Hospitality News & Business Insights by EHL

Hospitality in Healthcare: Industry parallels

Written by Kimberly Yoong | May 17, 2021 10:30:00 PM

Healthcare and hospitality may seem worlds apart, yet they share more common ground than most realize. While one focuses on healing and the other on comfort, both industries are discovering they have a lot to learn from each other.

This convergence represents one of the most compelling developments in modern medical administration. As healthcare systems worldwide grapple with rising costs and operational efficiency challenges, industry leaders are looking to hospitality models for solutions.

After all, both industries revolve around people, where trust, empathy, and attention to detail determine outcomes as much as systems and infrastructure do.

In a recent webinar with EHL, Patrik Bruhlmann, CEO & Board Director of Pacific Healthcare Group of Companies, explored these fascinating parallels between two industries that share more than just etymological roots.

Drawing from decades of experience in healthcare management across multiple markets, he shared his views on financial structures, future developments, and the career opportunities awaiting hospitality graduates who are curious about transitioning into medical service management.

This article captures key insights from that conversation.

Hospitality vs Healthcare

The relationship between hospitality and healthcare begins with language itself. The words “hospital” and “hospitality” share a Latin root that speaks to safety, care, and shelter.

Yet in practice, hospitals and hotels have grown into very different institutions.
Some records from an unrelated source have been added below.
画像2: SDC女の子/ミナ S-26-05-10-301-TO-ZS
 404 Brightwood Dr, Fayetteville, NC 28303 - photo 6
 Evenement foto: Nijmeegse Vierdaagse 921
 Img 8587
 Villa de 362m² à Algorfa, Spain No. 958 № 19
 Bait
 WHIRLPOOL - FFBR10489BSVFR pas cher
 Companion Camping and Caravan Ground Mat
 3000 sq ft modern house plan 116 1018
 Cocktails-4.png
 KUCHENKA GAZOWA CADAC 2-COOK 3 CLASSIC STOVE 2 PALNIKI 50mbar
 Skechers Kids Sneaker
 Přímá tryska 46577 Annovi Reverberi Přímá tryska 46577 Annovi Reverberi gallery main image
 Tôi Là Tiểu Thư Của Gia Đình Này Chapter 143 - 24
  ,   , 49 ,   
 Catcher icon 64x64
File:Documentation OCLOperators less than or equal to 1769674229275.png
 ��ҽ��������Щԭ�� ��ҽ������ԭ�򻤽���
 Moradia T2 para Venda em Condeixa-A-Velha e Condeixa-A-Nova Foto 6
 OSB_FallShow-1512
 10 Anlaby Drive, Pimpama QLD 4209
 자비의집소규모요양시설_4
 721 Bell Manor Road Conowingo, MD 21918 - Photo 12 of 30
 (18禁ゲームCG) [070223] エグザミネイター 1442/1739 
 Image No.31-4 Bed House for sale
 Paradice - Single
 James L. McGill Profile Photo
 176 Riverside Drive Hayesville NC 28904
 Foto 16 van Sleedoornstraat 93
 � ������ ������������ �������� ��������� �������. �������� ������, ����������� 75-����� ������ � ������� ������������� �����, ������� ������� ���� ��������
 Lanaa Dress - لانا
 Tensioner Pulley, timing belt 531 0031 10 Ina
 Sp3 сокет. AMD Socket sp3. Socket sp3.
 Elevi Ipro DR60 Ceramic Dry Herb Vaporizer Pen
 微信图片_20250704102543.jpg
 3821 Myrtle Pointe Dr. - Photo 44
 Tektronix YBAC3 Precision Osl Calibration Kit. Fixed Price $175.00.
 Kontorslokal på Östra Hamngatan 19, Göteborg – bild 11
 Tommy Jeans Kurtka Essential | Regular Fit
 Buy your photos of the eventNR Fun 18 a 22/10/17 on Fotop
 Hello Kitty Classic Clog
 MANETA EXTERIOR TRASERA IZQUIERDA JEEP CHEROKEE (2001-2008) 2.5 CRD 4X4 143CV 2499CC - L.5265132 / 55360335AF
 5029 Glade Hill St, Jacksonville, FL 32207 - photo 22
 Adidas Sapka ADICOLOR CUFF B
That divergence raises an important question about how much hospitals could still learn from hospitality in making patients feel more comfortable.

In a previous conversation we’ve had, you mentioned a common root of the term “hospitality” and “hotels” and hospitals, right? But hotels and hospitals are so different now.

PB: Yes, I think it’s always good to see where the word always comes from – the word (‘hospital’) comes from Latin (‘hospes’) and gives you a quick overview of what it actually means – to provide a safe place to sleep, which is associated with shelter and friendliness. With hotels, we clearly know that this is how they must be; otherwise, they won’t attract customers.

But in a hospital environment, people sometimes forget that this is a big part of recovery as well: how well the patient feels, how properly looked after they are – not only in terms of the doctors or a prescription or diagnosis, but also in terms of care, which means it also involves the nursing and cleaning staff.

[With that in mind,] I really would hope that hospitals recruit proper F&B and rooms division people, because it’s so simple to provide what is a normal offering in any hotel in the world. And there are good one-star and two-star hotels, it’s not just about five-star hotels – it’s really about providing what a patient wants to pay or can pay for.

Bruhlmann’s point makes clear that comfort and care extend far beyond medical treatment. Recruiting service professionals with hospitality backgrounds could help hospitals elevate patient experience in ways that align more closely with recovery.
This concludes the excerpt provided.